> **THE DATA**
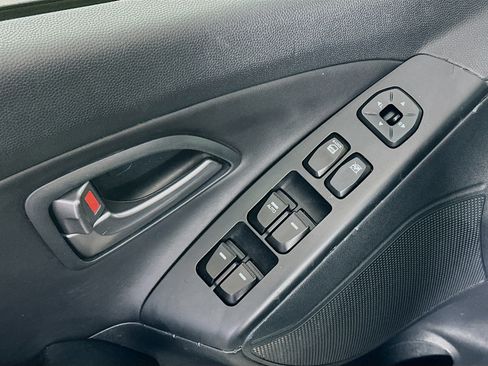 Used 2014 Hyundai Tucson SE image 15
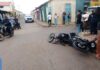 Dos lesionados tras violenta colisión entre motocicletas en el centro de Churuguara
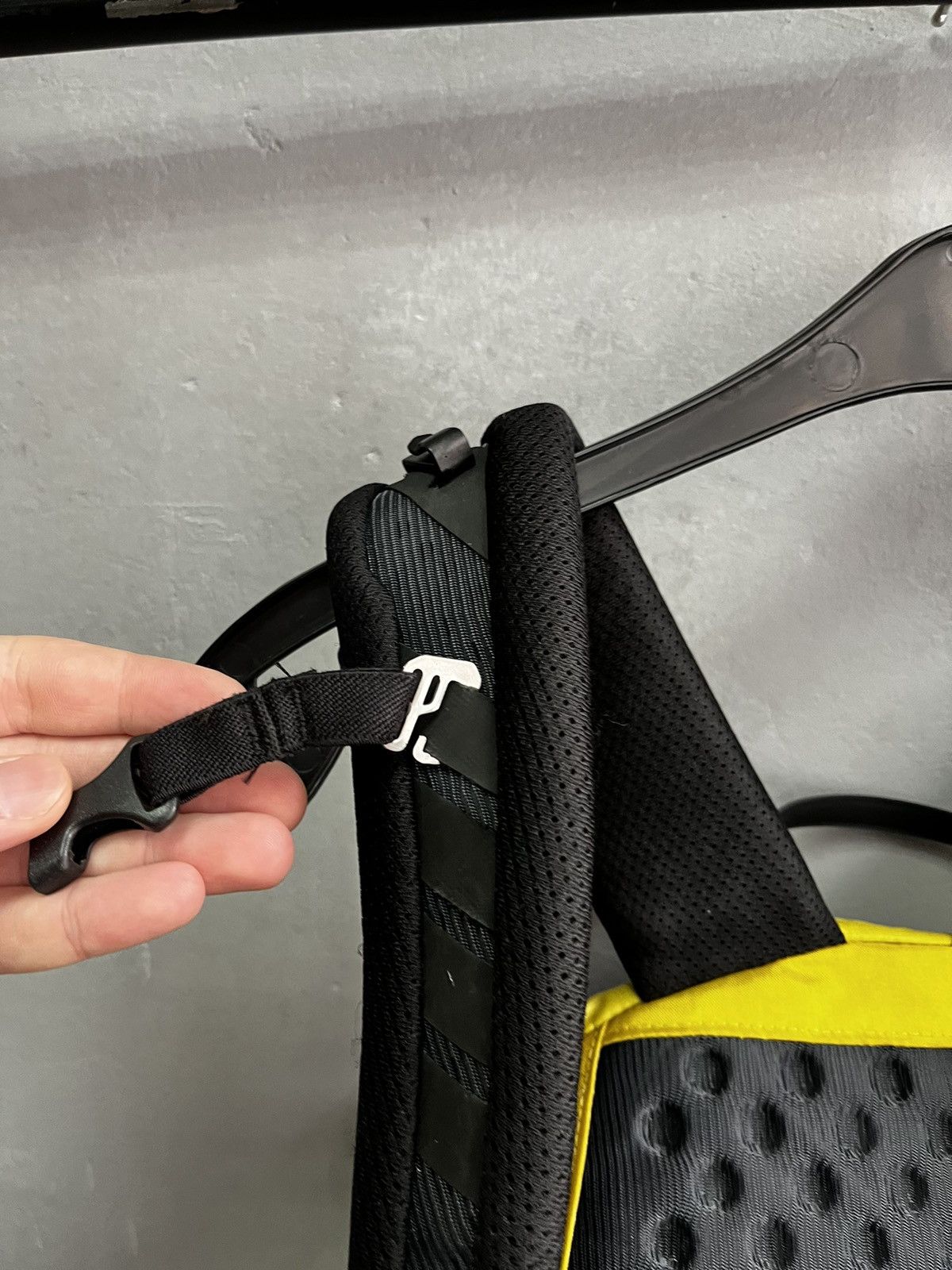 Arc'teryx Arc'teryx Axios 25 Nylon Backpack Bag Made in Philippines Size ONE SIZE - 11 Thumbnail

> **EXERCISE GOAL**
Only the lines from the one with "Dos lesionados tras" to the last line of the listing, inclusive, are to be set down, exactly as they stand and without pictures.

> **OUTPUT OF THE EXERCISE**
 Dos lesionados tras violenta colisión entre motocicletas en el centro de Churuguara
 Arc'teryx Arc'teryx Axios 25 Nylon Backpack Bag Made in Philippines Size ONE SIZE - 11 Thumbnail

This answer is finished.